Osmanlı mirasından TVF’ye

Ülkenin, -kimilerinin- torunu olmakla övündüğü Osmanlı’dan miras en köklü bankası Ziraat artık Türkiye Varlık Fonu’nun (TVF) malı. 154 yıl önce “Ezilen çiftçilerin dertlerine çare...

Ülkenin, -kimilerinin- torunu olmakla övündüğü Osmanlı’dan miras en köklü bankası Ziraat artık Türkiye Varlık Fonu’nun (TVF) malı.

154 yıl önce “Ezilen çiftçilerin dertlerine çare bulunabilmesi” (kendi sayfasından alıntı) amacıyla kurulan Ziraat, Kerkük-Yumurtalık ham petrol boru hattı sürecinde kurulan BOTAŞ, yılbaşı ikramiyesi tadında ocakta devredilen Milli Piyango, daha niceleri de beş buçuk ay önce kurulan TVF marifetiyle “kâğıt” olacakları günü beklemeye başladı. Kâğıttan kastım “seküritizasyon” dedikleri, menkul kıymet haline getirilmesi.

Düne kadar BDDK ve Sayıştay denetiminde olan Ziraat Bankası, Başbakan’a bağlı çalışan ve bundan böyle -o da muhalefet milletvekillerinin zoruyla- konulmuş “bağımsız denetim”e mi tabi olacak?

TVF’yi kuran yasanın zamanlama ve usulü, son kararların öncü sinyaliydi.
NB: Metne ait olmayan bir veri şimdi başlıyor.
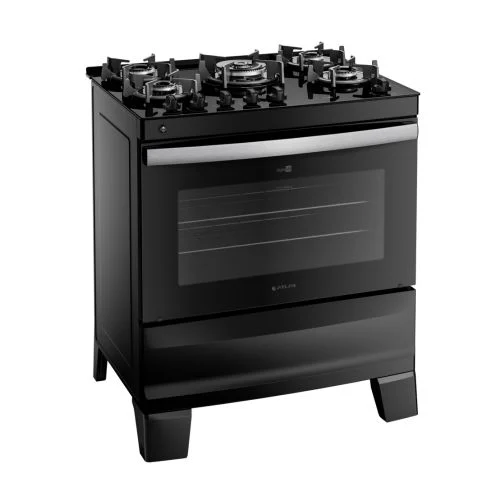 Fogão 5 Bocas Electrolux Preto Efficient Mesa de Vidro PerfectCook e Grades de Ferro (FE5GB) Bivolt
Adamakıllı işleyen bir yasama gücünün varlığında, kanun tasarısı olarak (yani görüşler, müzakereler, etki analizlerinin ardından) gelmesi gerekecek önemdeki bu yapı, talimat üzere olduğu aşikâr 16 iktidar milletvekilinin imzasıyla “teklif” olarak gelmişti.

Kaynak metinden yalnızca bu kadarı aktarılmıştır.